Keith's final example, the numbers 2^X * 3^Y, is relatively easy to generate
in sorted order, using a finite amount of (arbitrarily large) numbers.
Looking at the sequence, and the ratios:
1,2,3,4,6,8,9,12,16,18,24,27,32,36,48,54,64,...
2, 3/2, 4/3, 3/2, 4/3, 9/8, 4/3, 4/3, 9/8, 4/3, 9/8, 32/27, 9/8, 4/3,  
9/8, 32/27, ...
At any given term of the sequence, there are only a few possible ratios
for computing the next term.  After 6, the ratios 2 and 3/2 are retired.
It looks like the number of active or potentially active ratios is some
small number like 4 or 6, and the new-hire and retirement rules should be
easy to figure out.  This isn't exactly a trivial sequence, but given
the bounded number of memory-numbers required, and the brevity of the
implied Next-Term program, it would be fair to call it near-trivial.

The 2,3 ratio series also has a kind of "self-similarity":  If you imagine
a read-head moving over the series, writing new ratios some distance ahead,
a ratio is either copied forward from the read-head, or split into two new
terms, whose product is the read-head term.

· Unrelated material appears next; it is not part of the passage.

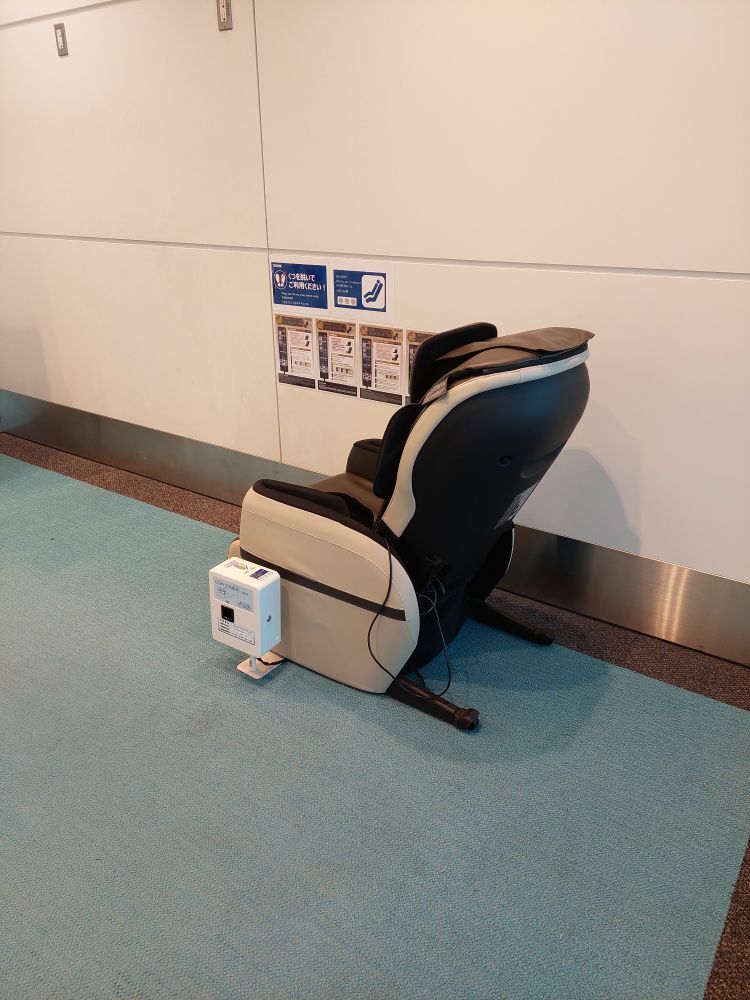 Un fauteuil de massage dans un aéroport.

The situation for three primes looks interesting.  Is the set-size of
required ratios bounded?  Can they perhaps be computed "on-the-fly"
for each term, with a bounded number of arithmetic operations?

In the 2,3 case, imagine the first quadrant of the lattice of (X,Y)
integer points, and a broom of slope -log3/log2 that starts sweeping
at (0,0).  We want to work out the order of the lattice points being
swept up; and when we need to widen our broom.
The 3D problem with 2,3,5 looks harder.  Our broom morphs from a
line segment into a triangle, whose edges are determined by the ratios
of the two-prime series.

If we're willing to keep a record of the series in memory, maybe we could
have two read heads located further back, say at terms T/2 and T/3, that
offer candidates for the next term after T?  Then the series is the union
of the double of the T/2 read-head, and the triple of the T/3 read-head.
Does this work for 2,3,5?

Rich

-----
Quoting "Keith F. Lynch" <kfl@KeithLynch.net>:
> Dan Asimov <dasimov@earthlink.net> wrote:
>> I made a table of the Loeschian numbers Lo(K,L) for K >= L.
>> and then tried to *connect each one with the next largest one*
>> with a line segment on paper.
>> But it was hard to see any pattern in how they connect (below).
>> So the question boils down to:
>> Is there a concise formula for the "next largest number" in a set
>> like Lo = {Lo(K,L) | K, L in Z} ???  I.e., f(0) = 1, f(1) = 3, f(3)
>> = 4, ....
> I wouldn't think so.  There are lots of examples of two-dimensional
> integer sequences, aka tables, where there's a simple pattern to
> every row and to every column, but no pattern to all the numbers
> sorted in order.
> Examples include:
> * The multiplication table (excluding the 1s row and column).
>   The entries are the composite numbers (A002808), which are of
>   course exactly as patternless as the primes.
> * Power numbers (A001597), i.e. the union of the squares, cubes, etc.
>   Only in 2002 was it even proven that 8 and 9 are the only adjacent
>   members of the set.
> * Numbers in Pascal's triangle (other than the first two rows and
>   columns), aka the binomial coefficients (A006987).
> * Nontrivial polygonal or figurate numbers, i.e. the union of the
>   triangular numbers (other than 1 and 3), the squares (other than 1
>   and 4), the pentagonal numbers (other than 1 and 5), etc. (A090466).
> * Numbers that are a power of 2 plus a power of 3 (A004050).
>   Similarly with any other two primes.
> * Numbers that are a power of 2 times a power of 3 (A003586).
>   Similarly with any other two primes.
> Can anyone think of a nontrivial example of such a table sequence that
> *does* have a simple formula for finding the next one?  I can't.  (By
> "trivial," I think I just mean tables that contain all numbers or that
> contain only a small number of distinct numbers.)